A pesar de adoptar decisiones políticas opuestas, tanto los socialdemócratas como los bolcheviques concebían la democracia y la revolución como dos procesos alternativos. Por el contrario, en el caso de Rosa Luxemburgo, debe decirse que el núcleo de su teoría política era la unidad indisoluble de las dos. Su legado ha sido explotado en los dos sentidos: los socialdemócratas, cómplices de su brutal asesinato en manos de fuerzas paramilitares de derecha cuando tenía solo 47 años, lucharon contra ella durante mucho tiempo destacando sin ningún reparo los acentos revolucionarios de su pensamiento, mientras que los estalinistas evitaron dar a conocer mejor sus ideas dado su carácter crítico y su espíritu libre.

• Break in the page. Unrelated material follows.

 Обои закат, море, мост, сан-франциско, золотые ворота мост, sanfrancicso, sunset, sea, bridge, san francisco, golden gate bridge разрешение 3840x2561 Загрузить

Este cuadro estaba lejos del optimismo que pintaban los escenarios reformistas y, para resumirlo, Luxemburgo utilizó una fórmula que adquirió una amplia resonancia durante el S. XX: «socialismo o barbarie». Explicó que el segundo término podría ser evitado solo gracias a la lucha consciente de las masas y, dado que el antimilitarismo implicaba un elevado nivel de conciencia política, fue una de las grandes defensoras de la huelga general contra la guerra, un arma que muchos otros –hasta el propio Marx– habían subestimado. Argumentó que el tema de la defensa nacional debía ser usado en contra de los nuevos escenarios de guerra y que la consigna «¡Guerra a la guerra!» debía convertirse en la piedra de toque de la política de la clase trabajadora. Tal como escribió en La crisis de la socialdemocracia alemana (1915), texto también conocido como El folleto Junius, la Segunda Internacional explotó porque fracasó a la hora de «dirigir al proletariado de todos los países en una sola táctica y un solo accionar común». Por lo tanto, de ahí en adelante el objetivo principal del proletariado, tanto en tiempos de guerra como de paz, debía ser la lucha contra el imperialismo y el bloqueo de nuevas conflagraciones.